When running within Docker, containers can be configured to recover upon failure:

  controller:
    image: registry.dl.kx.com/kxi-sp-controller:1.1.0
    deploy:
      restart_policy:
        condition: on-failure
    # ...

  worker:
    image: registry.dl.kx.com/kxi-sp-worker:1.1.0
    deploy:
      restart_policy:
        condition: on-failure
    # ...

This can be configured as desired.

When a Worker restarts after a failure, the Controller will initialize the Worker with the most recent checkpoint from that Worker before the failure. By recovering from the checkpoint, any managed state is set back onto the operators within the pipeline in the Worker, and streams are replayed from the offset corresponding to the state, if the readers being used support replay.

Impact on state

Since both progress information as well as managed operator state are contained within each checkpoint commit, state will be rolled back to the point of the last checkpoint during recovery, and events will be replayed on top of that state based on the last checkpointed offset, if replay is available on the data source. This ensures that state has not processed records more than once, and with replay enabled, any messages lost between the checkpoint and point of failure are still processed.

Impact on windows

Though state is captured consistently, any analytics written using processing-time semantics will inherently have different behavior during a recovery scenario than during regular operation.

For example, a pipeline with a .qsp.window.timer uses processing time (the local clock) timers to bucket events into batches. This can help improve throughput where event time semantics are not required, by processing larger data batches than are written. All events that arrive within a given interval are grouped into a batch. The implication of this is that during a recovery event with a data source capable of replaying events, recovered events may come in much faster during recovery than they were actually observed in the regular live-stream processing, so the window during recovery may be much larger than the equivalent window observed without a failure.

Event-time windows, where quiet periods in the stream cause windows to be triggered by internal timer timeouts, essentially act as a processing-time effect. Because of this, during recovery, if new events cover the quiet period so that the timer trigger is not required, the partial windows would not be emitted.

In order to mitigate the effects of this for .qsp.window.timer, which already flushes the buffer automatically if a certain number of buffered records is reached, the countTrigger setting can be set to lower this threshold and produce smaller windows, during both the live stream and during recovery. However, any general user defined functions that are processing-time sensitive (for example, any uses of .z.p, .z.P, etc) should be carefully considered.

Impact on output events

Though the state of a pipeline is committed along with the progress information, to maintain high performance the current release of the Stream Processor does not commit output events. The implication of this is that during recovery, any events emitted by data sinks within the pipeline between the time of the last committed checkpoint and the failure event will be re-emitted.

Downstream data sinks

Ensure downstream data sinks are idempotent or can handle duplicate messages. Otherwise they might duplicate output events in downstream data stores from recovery scenarios.

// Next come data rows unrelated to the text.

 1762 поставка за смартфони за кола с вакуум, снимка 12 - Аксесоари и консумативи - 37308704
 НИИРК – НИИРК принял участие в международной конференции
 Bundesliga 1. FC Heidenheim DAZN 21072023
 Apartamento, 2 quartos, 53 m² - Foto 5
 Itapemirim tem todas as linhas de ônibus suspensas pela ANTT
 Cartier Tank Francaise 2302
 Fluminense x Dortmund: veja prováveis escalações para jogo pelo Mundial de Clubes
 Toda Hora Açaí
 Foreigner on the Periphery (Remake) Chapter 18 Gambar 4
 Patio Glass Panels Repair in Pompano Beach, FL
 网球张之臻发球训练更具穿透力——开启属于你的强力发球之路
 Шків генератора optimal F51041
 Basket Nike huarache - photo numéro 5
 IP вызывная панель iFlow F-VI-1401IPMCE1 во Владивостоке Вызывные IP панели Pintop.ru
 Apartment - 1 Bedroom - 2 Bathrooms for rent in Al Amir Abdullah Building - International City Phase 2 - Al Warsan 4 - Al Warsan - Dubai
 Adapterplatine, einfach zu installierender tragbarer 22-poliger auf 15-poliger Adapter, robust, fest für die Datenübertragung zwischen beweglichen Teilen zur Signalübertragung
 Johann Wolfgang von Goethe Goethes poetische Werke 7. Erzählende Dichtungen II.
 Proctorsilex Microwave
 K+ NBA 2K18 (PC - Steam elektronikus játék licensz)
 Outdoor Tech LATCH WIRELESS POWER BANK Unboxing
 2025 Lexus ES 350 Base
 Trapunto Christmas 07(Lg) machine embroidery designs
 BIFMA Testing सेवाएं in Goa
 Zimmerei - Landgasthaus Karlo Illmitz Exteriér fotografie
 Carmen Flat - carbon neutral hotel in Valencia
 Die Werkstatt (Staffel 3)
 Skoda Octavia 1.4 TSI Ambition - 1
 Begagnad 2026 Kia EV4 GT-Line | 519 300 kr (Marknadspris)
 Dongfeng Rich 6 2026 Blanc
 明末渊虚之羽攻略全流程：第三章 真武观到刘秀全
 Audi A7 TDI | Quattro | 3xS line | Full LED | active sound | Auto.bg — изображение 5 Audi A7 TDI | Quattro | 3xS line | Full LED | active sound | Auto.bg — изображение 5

Implications for scaled pipelines

Each Worker commits its own asynchronous checkpoints. If a single Worker fails and restarts, the recovery event is localized to the single Worker, and all other Workers in the pipeline continue processing and making progress during the recovery event.

Implications of Controller failure

If a Controller were to fail during execution of a live pipeline, that would tear down all Workers executing the pipeline. If the Controller and Workers are configured with a restart policy as discussed above, the Controller, upon restart, will reinitialize all Workers with the last checkpoint each has persisted. In most container orchestrators, this recovery is typically complete in a few seconds, but additional delays can be caused by the amount of data that needs to be replayed to catch up to the live stream.